Where a picture appears, leave it out, and transcribe all the lines below exactly.

──────────────────────────────

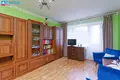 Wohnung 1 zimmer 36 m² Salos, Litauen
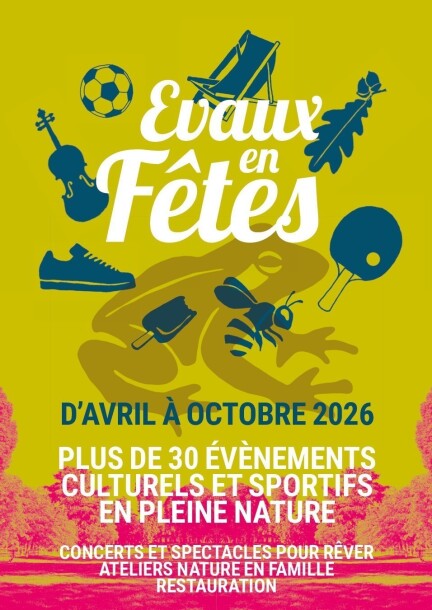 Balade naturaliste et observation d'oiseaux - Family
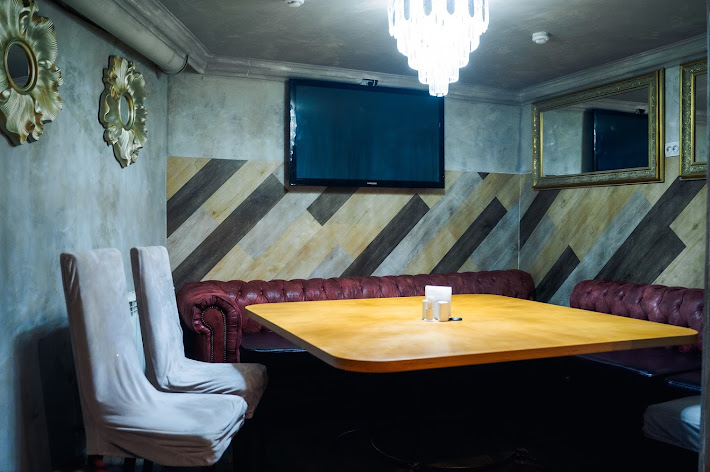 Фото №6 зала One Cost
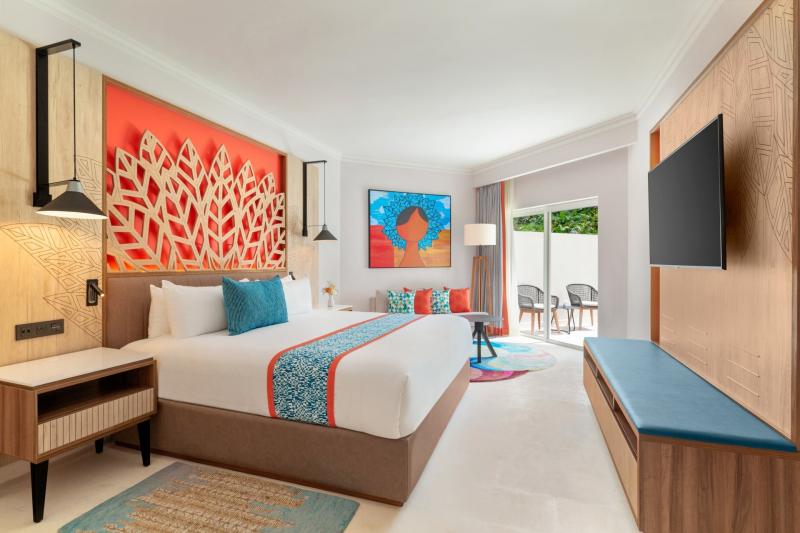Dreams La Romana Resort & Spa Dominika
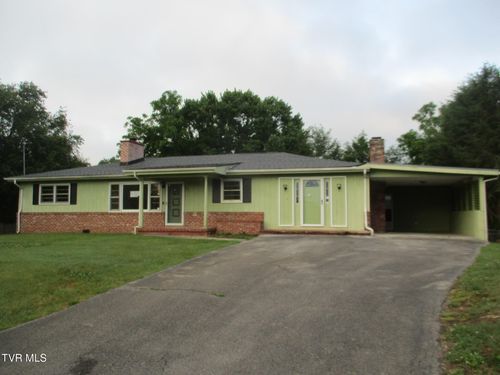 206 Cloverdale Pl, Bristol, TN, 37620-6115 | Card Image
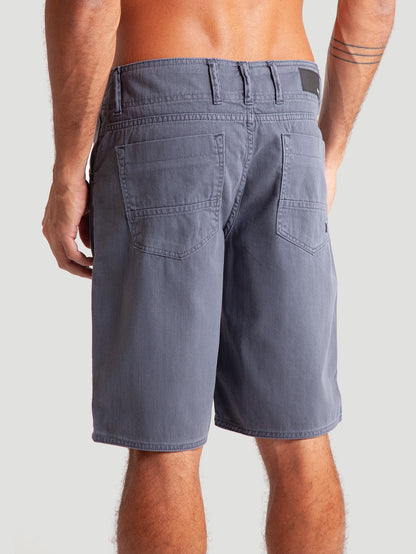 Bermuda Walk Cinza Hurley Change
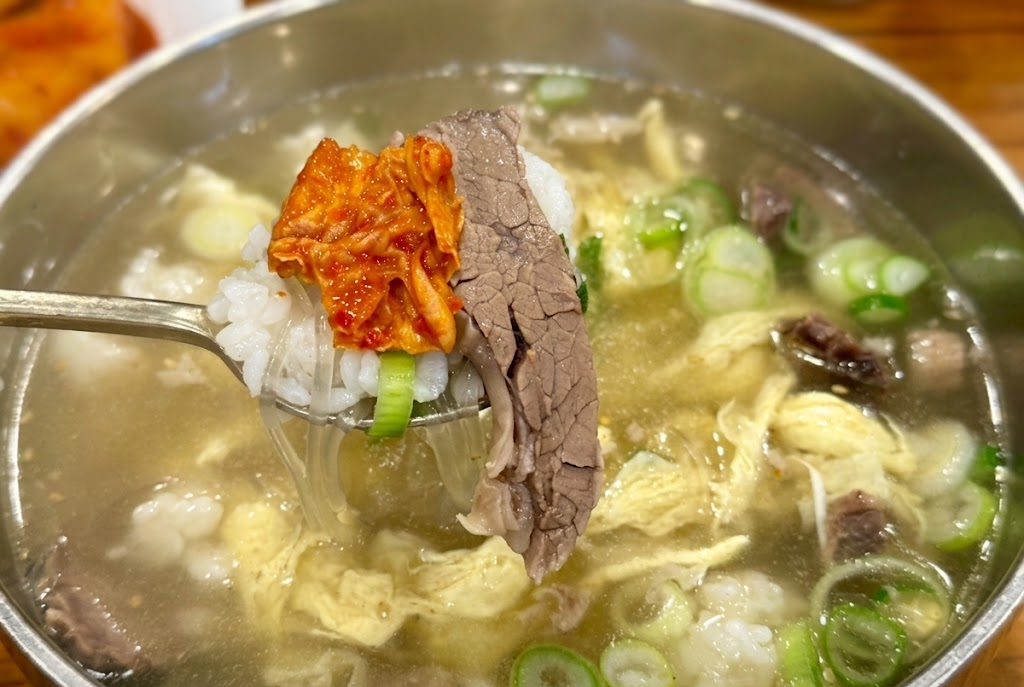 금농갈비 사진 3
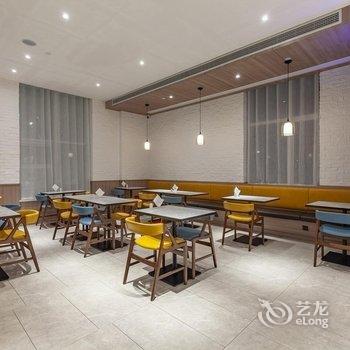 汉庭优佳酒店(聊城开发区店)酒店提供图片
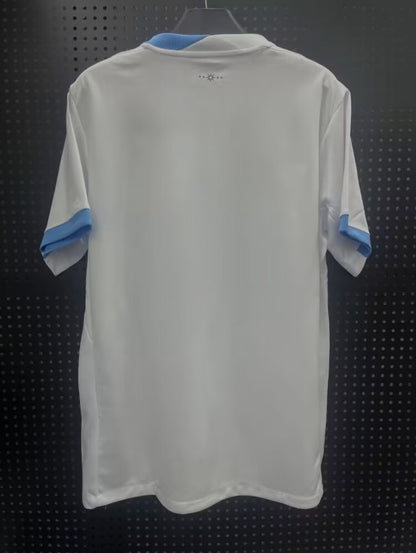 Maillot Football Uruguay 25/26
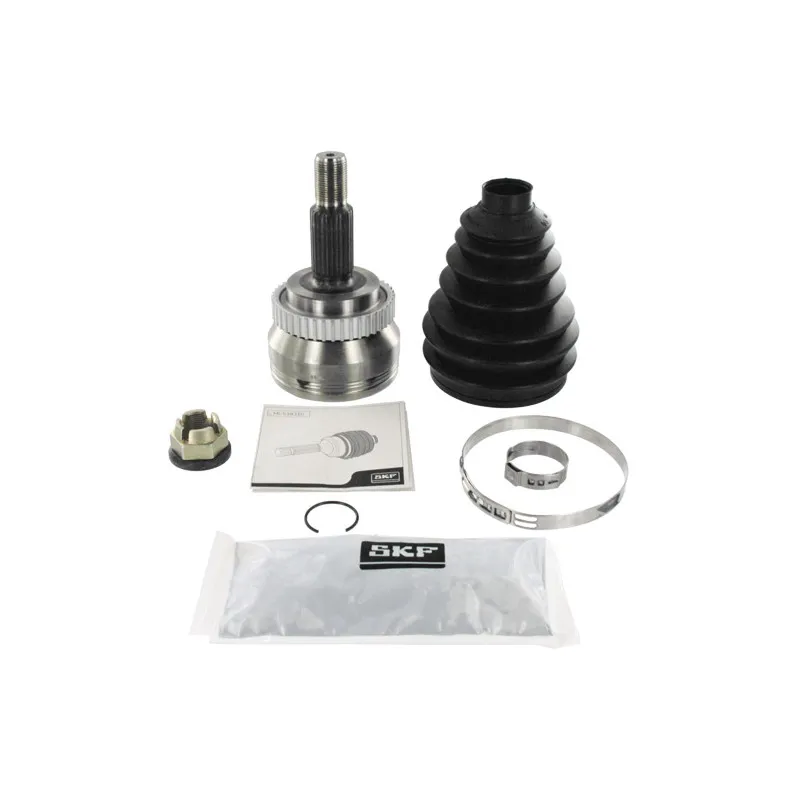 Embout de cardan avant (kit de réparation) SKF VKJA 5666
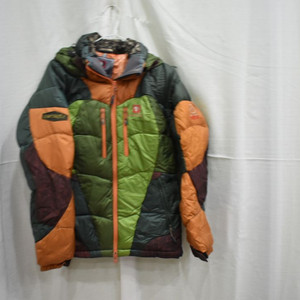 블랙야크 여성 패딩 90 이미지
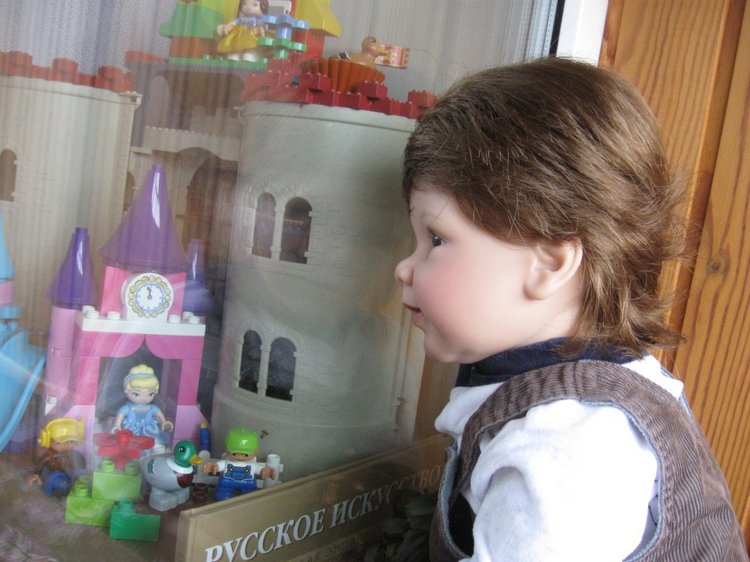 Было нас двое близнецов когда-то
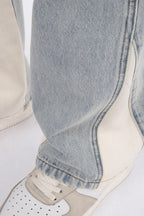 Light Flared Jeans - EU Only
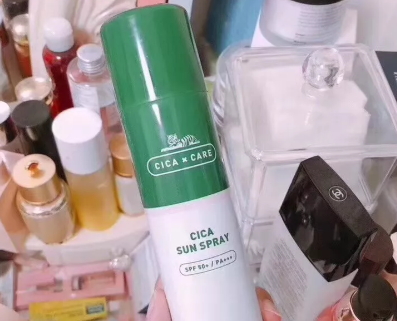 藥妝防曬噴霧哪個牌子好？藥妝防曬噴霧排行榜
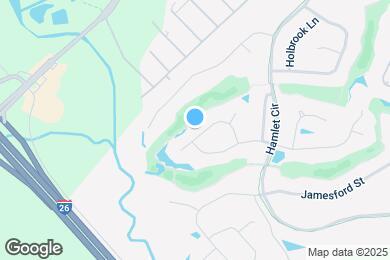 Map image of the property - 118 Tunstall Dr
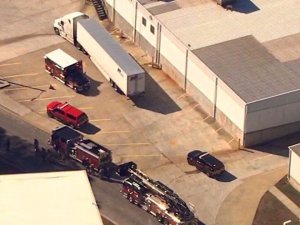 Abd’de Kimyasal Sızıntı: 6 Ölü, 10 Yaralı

──────────────────────────────

◆ Answer to this task
 Wohnung 1 zimmer 36 m² Salos, Litauen
 Balade naturaliste et observation d'oiseaux - Family
 Фото №6 зала One Cost
Dreams La Romana Resort & Spa Dominika
 206 Cloverdale Pl, Bristol, TN, 37620-6115 | Card Image
 Bermuda Walk Cinza Hurley Change
 금농갈비 사진 3
 汉庭优佳酒店(聊城开发区店)酒店提供图片
 Maillot Football Uruguay 25/26
 Embout de cardan avant (kit de réparation) SKF VKJA 5666
 블랙야크 여성 패딩 90 이미지
 Было нас двое близнецов когда-то
 Light Flared Jeans - EU Only
 藥妝防曬噴霧哪個牌子好？藥妝防曬噴霧排行榜
 Map image of the property - 118 Tunstall Dr
 Abd’de Kimyasal Sızıntı: 6 Ölü, 10 Yaralı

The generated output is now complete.